_Source data_.
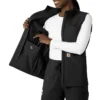 Chaleco médico de forro polar laminado Rugged Flex® para mujer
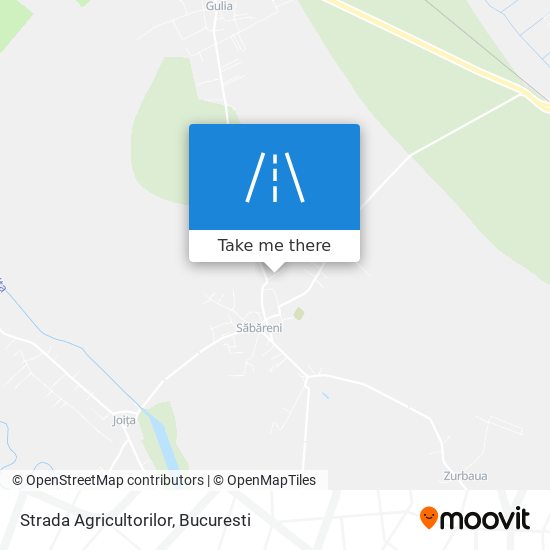 Strada Agricultorilor map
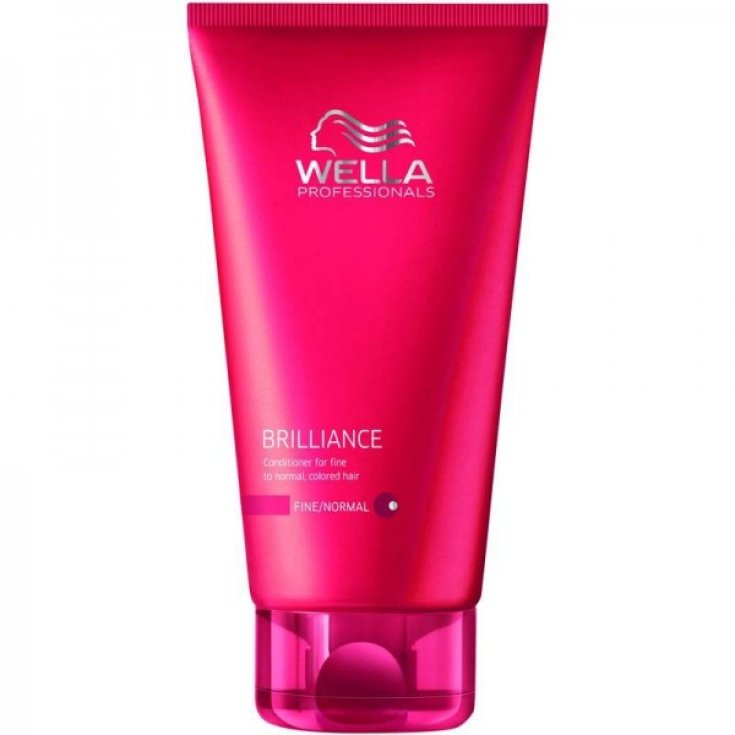 Wella Brilliance Conditioner For Normal To Brittle Hair 200ml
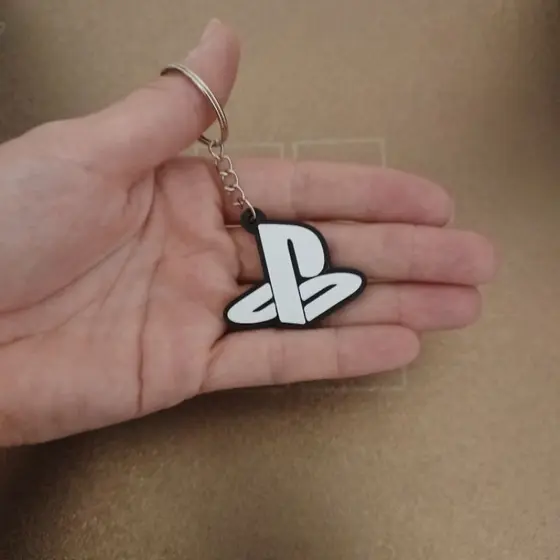 Chaveiro PlayStation, PS1, PS2, PS3, PS4, PS5. Para bolsa escolar, estojo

_Task goal_. All of the material should be reproduced exactly, apart from the pictures.

_Expected answer_.
 Chaleco médico de forro polar laminado Rugged Flex® para mujer
 Strada Agricultorilor map
 Wella Brilliance Conditioner For Normal To Brittle Hair 200ml
 Chaveiro PlayStation, PS1, PS2, PS3, PS4, PS5. Para bolsa escolar, estojo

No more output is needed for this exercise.